I am not going to attempt to analyze the profound emotional investment humans pour into stories that don’t happen and people who do not exist. We all know how real fiction can be, and how stories can accompany us through life, following us through changes that leave old times and old friends behind. Depending upon the time and manner of their entrance into our lives, stories acquire associations with larger things – a carefree summer, a person we knew then, old haunts, even (a thousand Star Wars jokes don’t change the truth) a gone childhood. To touch the story is to touch hidden chords.

Narnia and Middle-earth possess an uncommon power and resonance. Their potency is all the greater because they come to so many people in childhood and remain, among all the fantasy movies and books that follow, a kind of first love. Christians often associate these books with their faith and see Jesus in – or, perhaps, through – Aslan. Both for what they are and for what they represent, Lord of the Rings and the Chronicles of Narnia evoke a considerable degree of passion that does not wish to be disappointed.

The new adaptations further labor under the burden of previous adaptations.

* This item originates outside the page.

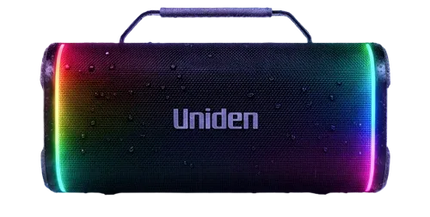 Uniden Looop Yon 100W Bluetooth Speaker IP67 Power Bank Handle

The animated versions of both works exist mainly as curiosities, arousing little antipathy or attachment. The live-action versions are weightier creations and well-known to the Tolkien and Lewis fandoms. Peter Jackson’s trilogy is iconic, binding its images to the books, and for countless people it was their initiation into Middle-earth. Many fans don’t only worry that the Amazon series won’t live up to Tolkien’s Middle-earth; they worry that it won’t live up to Jackson’s Middle-earth. There is even talk of bringing back the actors from Jackson’s Lord of the Rings.

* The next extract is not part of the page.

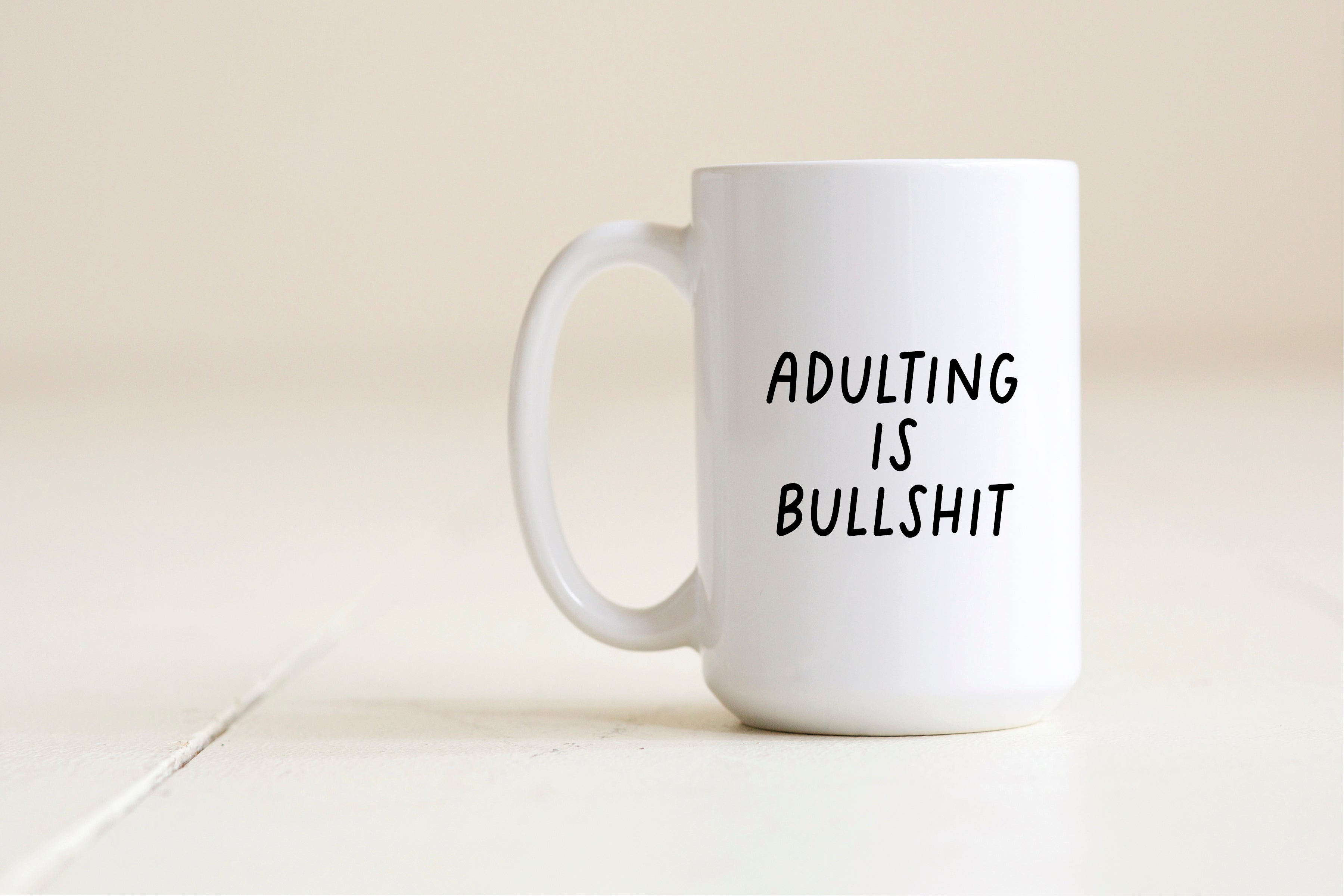 Adulting is bullshit mug Creativien product_type art-noise.myshopify.com adulting-is-bullshit-mug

Perhaps some people feel about Walden’s Narnia films the way others feels about Jackson’s Lord of the Rings. Perhaps, but I doubt it. The Walden films were not bad, but they fell far short of their source material. They failed to capture the spirit of Narnia, always seeming to be made by people tone-deaf to the meaning of Lewis’ works – people who replaced Caspian’s thirst to see Aslan’s country with boilerplate daddy issues because they just didn’t understand. Netflix has, in many ways, an easier task than Amazon, and strange as it may seem, it helps them that they are trying to do something no one has done: bring Narnia’s magic to the silver screen.

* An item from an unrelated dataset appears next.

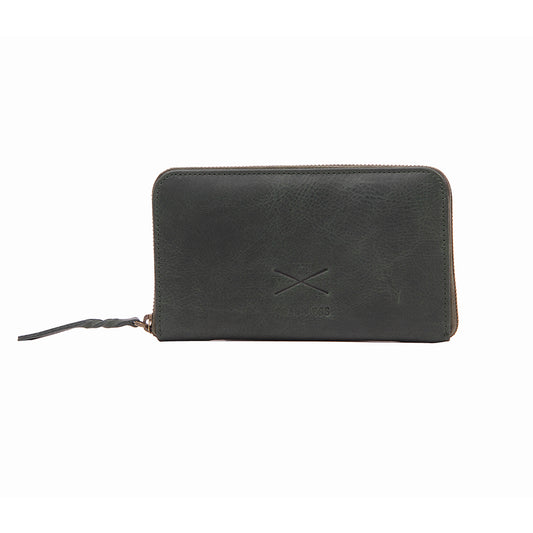 LADIES WALLET LEATHER HANDCRAFTED PURSE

For myself, I am glad that Amazon and Netflix are producing their adaptations. I take a simple line: If the adaptations are good, I will enjoy them, and if they are bad, I will ignore them, and in either event I will be an interested viewer. But other people will take other lines. What is yours?

Shannon McDermott is an author of science fiction and has been occupied for years with constructing scenarios of the colonization of Mars. Her first Mars-centric novel will be released by Enclave Publishing in late 2024. Her earlier works include “Jack and I” (Once Upon a Future Time: Volume 2) and “The Fulcrum” (Hidden Histories: Third Flatiron Anthologies Spring/Summer 2019).
  1. Abby says:

    The Chronicles of Narnia actually have been made into a TV series, but I don’t think many people know about them. The BBC made three mini-series of The Lion the Witch and the Wardrobe, Prince Caspian and The Voyage of the Dawn Treader, and The Silver Chair. They were made in the late 80s, so all the talking animals are people in costumes, and Aslan is a stuffed lion puppet that doesn’t really move except for his mouth. I grew up watching them before the movies came out. It’s a little weird seeing the beavers and Reepicheep almost as tall as the humans, but I still remember liking them. When I saw the first movie I thought the BBC White Witch was better than the White Witch in the movie, and when I think of Puddleglum I still think of the Tom Baker version. I think they were fairly close to the books, except I think they shortened Dawn Treader a little.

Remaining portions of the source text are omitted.